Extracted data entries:
=-=-=

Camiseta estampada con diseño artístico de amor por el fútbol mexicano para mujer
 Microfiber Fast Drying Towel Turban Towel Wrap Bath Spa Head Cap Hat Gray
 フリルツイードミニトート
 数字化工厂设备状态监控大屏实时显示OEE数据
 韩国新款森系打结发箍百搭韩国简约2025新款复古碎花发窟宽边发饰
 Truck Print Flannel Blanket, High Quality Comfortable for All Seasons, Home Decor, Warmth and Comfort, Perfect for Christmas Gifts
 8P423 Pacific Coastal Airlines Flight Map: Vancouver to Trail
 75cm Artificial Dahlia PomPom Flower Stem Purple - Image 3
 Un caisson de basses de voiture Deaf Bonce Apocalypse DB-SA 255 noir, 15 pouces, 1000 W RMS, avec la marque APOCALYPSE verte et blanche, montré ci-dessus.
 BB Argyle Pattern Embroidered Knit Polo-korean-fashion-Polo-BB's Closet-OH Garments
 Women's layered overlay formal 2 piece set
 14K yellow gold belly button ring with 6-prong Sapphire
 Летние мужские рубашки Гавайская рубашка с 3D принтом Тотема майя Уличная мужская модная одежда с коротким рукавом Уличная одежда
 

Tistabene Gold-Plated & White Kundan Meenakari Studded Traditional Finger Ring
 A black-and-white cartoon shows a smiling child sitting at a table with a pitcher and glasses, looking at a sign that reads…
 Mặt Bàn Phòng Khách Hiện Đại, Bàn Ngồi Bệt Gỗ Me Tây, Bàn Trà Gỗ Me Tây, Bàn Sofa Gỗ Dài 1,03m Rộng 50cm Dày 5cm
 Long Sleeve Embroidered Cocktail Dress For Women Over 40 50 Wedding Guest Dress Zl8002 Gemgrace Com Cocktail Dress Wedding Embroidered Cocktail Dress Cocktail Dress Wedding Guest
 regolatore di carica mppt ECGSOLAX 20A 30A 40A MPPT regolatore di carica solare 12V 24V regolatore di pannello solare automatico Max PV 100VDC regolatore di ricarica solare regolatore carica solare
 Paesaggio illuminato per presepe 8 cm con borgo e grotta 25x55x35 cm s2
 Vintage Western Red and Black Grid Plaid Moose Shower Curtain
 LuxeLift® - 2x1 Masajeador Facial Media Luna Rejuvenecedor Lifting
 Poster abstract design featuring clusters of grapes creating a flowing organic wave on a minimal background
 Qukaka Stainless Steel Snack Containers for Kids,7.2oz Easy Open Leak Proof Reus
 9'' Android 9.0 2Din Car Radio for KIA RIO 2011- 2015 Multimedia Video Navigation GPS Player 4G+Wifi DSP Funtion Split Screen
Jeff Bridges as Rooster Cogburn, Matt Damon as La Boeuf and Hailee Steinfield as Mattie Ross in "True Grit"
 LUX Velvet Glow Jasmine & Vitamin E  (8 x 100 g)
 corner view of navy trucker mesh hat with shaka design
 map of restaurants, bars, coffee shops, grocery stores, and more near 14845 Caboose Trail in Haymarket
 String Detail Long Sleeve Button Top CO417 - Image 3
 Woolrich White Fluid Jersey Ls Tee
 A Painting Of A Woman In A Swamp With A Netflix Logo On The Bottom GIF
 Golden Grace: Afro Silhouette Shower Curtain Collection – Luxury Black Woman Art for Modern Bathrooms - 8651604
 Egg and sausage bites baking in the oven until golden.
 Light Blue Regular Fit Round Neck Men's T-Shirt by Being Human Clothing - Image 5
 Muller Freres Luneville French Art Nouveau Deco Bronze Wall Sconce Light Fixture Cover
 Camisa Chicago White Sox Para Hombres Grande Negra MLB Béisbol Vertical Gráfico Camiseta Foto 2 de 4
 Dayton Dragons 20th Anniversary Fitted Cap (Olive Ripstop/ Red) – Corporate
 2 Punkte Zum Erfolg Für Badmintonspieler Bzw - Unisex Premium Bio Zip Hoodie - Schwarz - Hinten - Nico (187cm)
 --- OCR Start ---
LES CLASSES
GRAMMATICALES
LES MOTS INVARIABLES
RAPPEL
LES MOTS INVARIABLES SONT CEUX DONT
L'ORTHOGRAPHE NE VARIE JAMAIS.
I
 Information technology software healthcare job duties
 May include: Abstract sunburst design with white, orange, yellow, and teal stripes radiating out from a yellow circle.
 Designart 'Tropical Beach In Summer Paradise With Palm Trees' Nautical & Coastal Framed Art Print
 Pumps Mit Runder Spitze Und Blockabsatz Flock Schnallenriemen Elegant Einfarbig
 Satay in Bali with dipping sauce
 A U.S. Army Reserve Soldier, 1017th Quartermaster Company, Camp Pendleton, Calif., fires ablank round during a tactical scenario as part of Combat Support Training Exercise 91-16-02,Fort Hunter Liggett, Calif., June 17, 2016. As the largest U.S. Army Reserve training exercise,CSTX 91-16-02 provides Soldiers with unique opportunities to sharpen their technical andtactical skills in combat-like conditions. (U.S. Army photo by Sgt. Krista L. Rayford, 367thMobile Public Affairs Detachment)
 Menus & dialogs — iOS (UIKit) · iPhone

=-=-=

## [WHAT IS REQUIRED]
Working through the records, find each line containing the word "INVARIABLES" and copy it.

## [RESPONSE FOR THIS EXERCISE]
LES MOTS INVARIABLES
LES MOTS INVARIABLES SONT CEUX DONT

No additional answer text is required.